Electrodiagnostic testing: Electrodiagnostic testing was performed to confirm the diagnosis of CTS and as an objective outcome measure of the intervention. Electrodiagnostic testing measures latency, the time it takes for an electrical impulse to travel from one point to another, measured in milliseconds. When several areas of a nerve are stimulated, such as when testing the mixed median nerve, the differences between the impulse travel times (latency comparisons, subsequently referred to as latency) can be calculated to determine a pattern of nerve damage or compression [29]. Conduction velocity was determined in the current study by dividing the distance (cm) from the point of stimulation to the recording electrodes by the latency from the point of stimulation to the onset of the response (ms). During the electrodiagnostic testing, hand temperature was kept at a minimum of 30°C measured at the fingertip of digit 3 (ring finger). The assessments performed are described below. The electrodiagnostic studies were performed using a Keypoint (Medtronix USA Imaging Systems, Palmdale, CA) electromyograph.

Median-radial sensory nerve latency comparisons [30]: Ring electrodes were placed around the thumb, and stimulation was carried out over the median nerve at the wrist, followed by stimulation of the radial nerve over the lateral distal forearm (radial nerve), both 14 cm proximal to the recording electrodes. The stimulus current was increased to ensure maximal nerve recordings in both median and radial responses. Measurements were from stimulus to onset of the evoked response, and amplitude measurements were from baseline to peak duration from onset of the waves to return to baseline.

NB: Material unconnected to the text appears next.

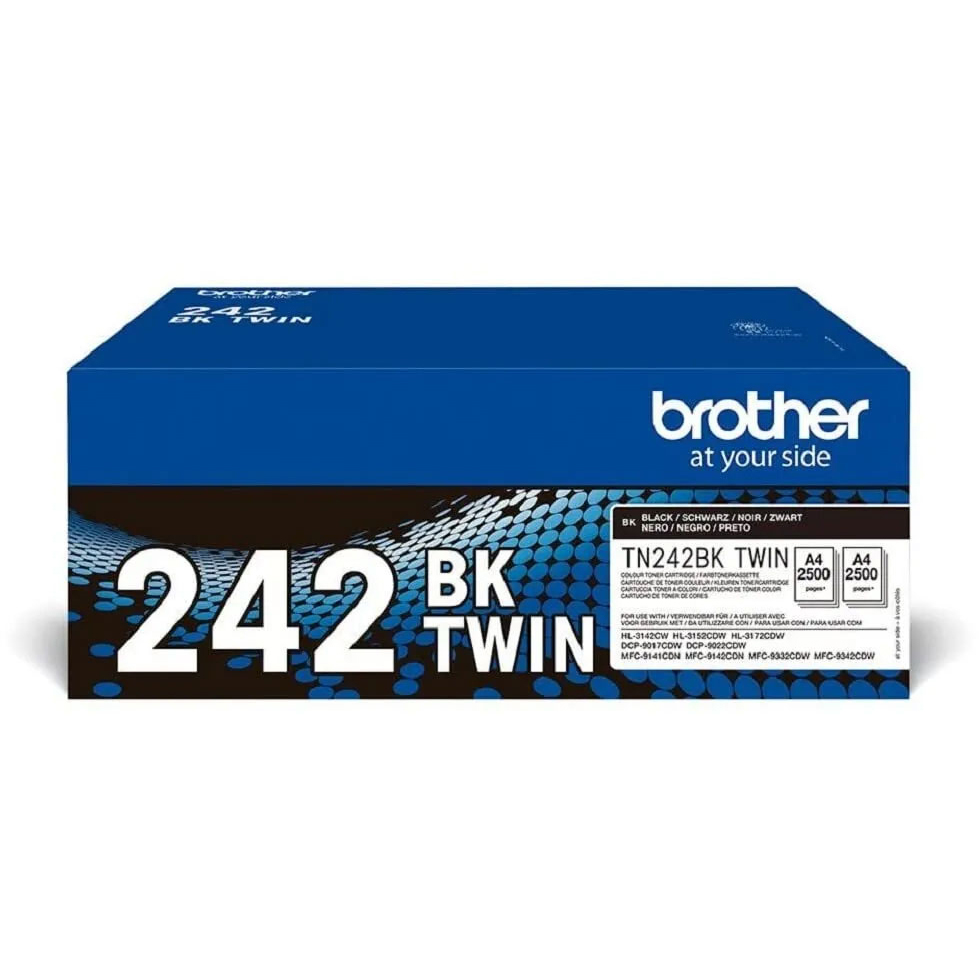 Original Brother Tn242Bk Twin Toner For Dcl (TN242BKTWIN)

Median-ulnar sensory nerve latency comparisons [31,32]: Ringelectrodes were placed around digit 4 (little finger), and stimulation was carried out 14 cm proximal to the recording site at the median nerve and then at the ulnar nerve of the wrist. Measurements were conducted as for the previous test.

Median-ulnar motor nerve latency comparisons [32-34]: A superficial disc recording electrode was placed in the palm over the distal crease at the web space between digits 2 (middle finger) and 3 (ring finger), with the reference electrode over the proximal interphalangeal joint of digit 1 (index finger). Stimulation again was carried out at the wrist over the median and ulnar nerves, both 10 cm proximal to the recording site.

Mixed median forearm conduction velocity [35]: This test was used to rule out peripheral neuropathy and therefore had to be normal (57.4 ± 4.0 microns/step in our clinic) for the subject to qualify for the study. The diagnostic test was performed by placing a bar electrode over the median nerve in the antecubital fossa, medial to the biceps tendon (point of median nerve stimulation in routine conduction studies). Stimulation was carried out at the wrist over the median nerve, locating the cathode proximal. Conduction velocity was determined as described above.

Outcome measures:

Symptom Severity Scale (SSS) and Functional Status Scale (FSS): The SSS and the FSS are self-administered questionnaires [36] for the assessment of symptom severity (11 items) and functional status (8 items) for individuals with symptoms of CTS (reproducibility = 0.91 for SSS and 0.93 for FSS; internal consistency = 0.89 for SSS and 0.91 for FSS). These measures were assessed at baseline and at study completion.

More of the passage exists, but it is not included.